As said for the sake of this tutorial an excel table is used. To parse the excel table the pandas library is used.

# load the necessary libraries
from wikidataintegrator import wdi_core, wdi_login
import pandas as pd

# login to wikibase
logincreds = wdi_login.WDLogin(user=os.environ["wd_user"], pwd=os.environ["pwd"])
# load excel table to load into Wikibase
mydata = pd.read_excel("mydata.xlsx")

When the data is loaded it can be added to the wikibase. If the properties do not exist yet, they need to be created. These properties can be also added using the WDI, however for this tutorial we will manually create the properties using the web interface of the the wikibase. To do this go to :8181/wiki/Special:NewProperty.

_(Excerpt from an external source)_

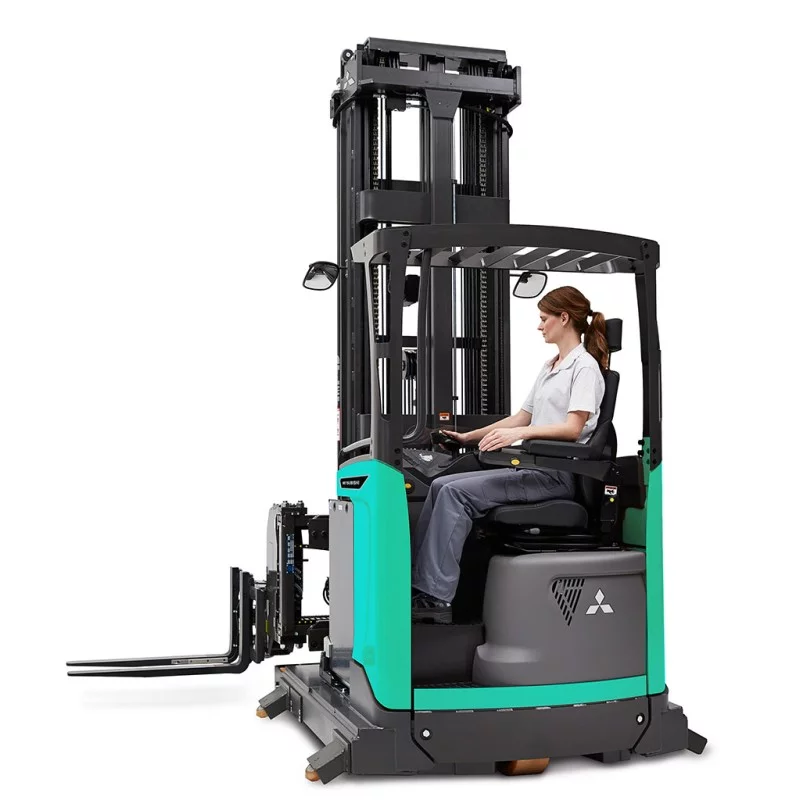 NEUWERTH Logistics SA - Mitsubishi Forklift Trucks - THD13-15N3 - Schmalgangstapler NEUWERTH Logistics SA - Mitsubishi Forklift Trucks - THD13-15N3 - Schmalgangstapler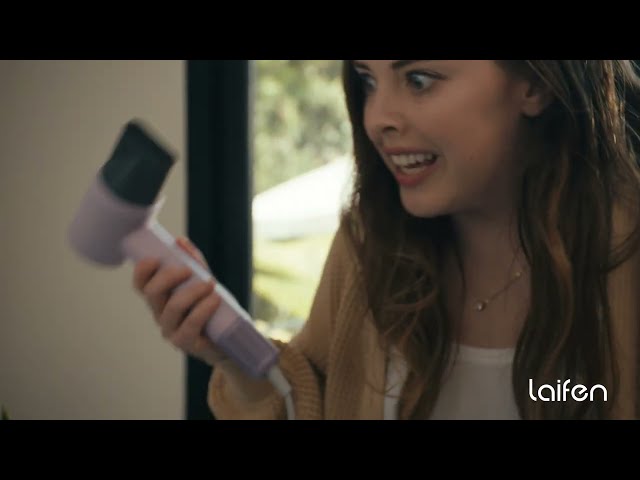 Video Teaser für Peace, quiet, and ultra-fast hair-drying with the Laifen SE High-Speed Hair Dryer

For this tutorial lets assume there are the following properties set: P1: column1 type: String P2: column2 type: Item P3: column3 type: URL WDI supports more data types, for details see the WDI documentation

Asume that these properties reflect the columns in “mydata.xlsx”. Adding the content in the excel table is now done with the following python script

...
for index, row in mydata.iterrows():
	item_statements = [] # all statements for one item
	data.append(wdi_core.WDString("column1_value", prop_nr="P1")) 
	data.append(wdi_core.WDItem("Q1234", prop_nr="P2"))
	data.append(wdi_core.WDURL("<http://someURL>", prop_nr="P3")) 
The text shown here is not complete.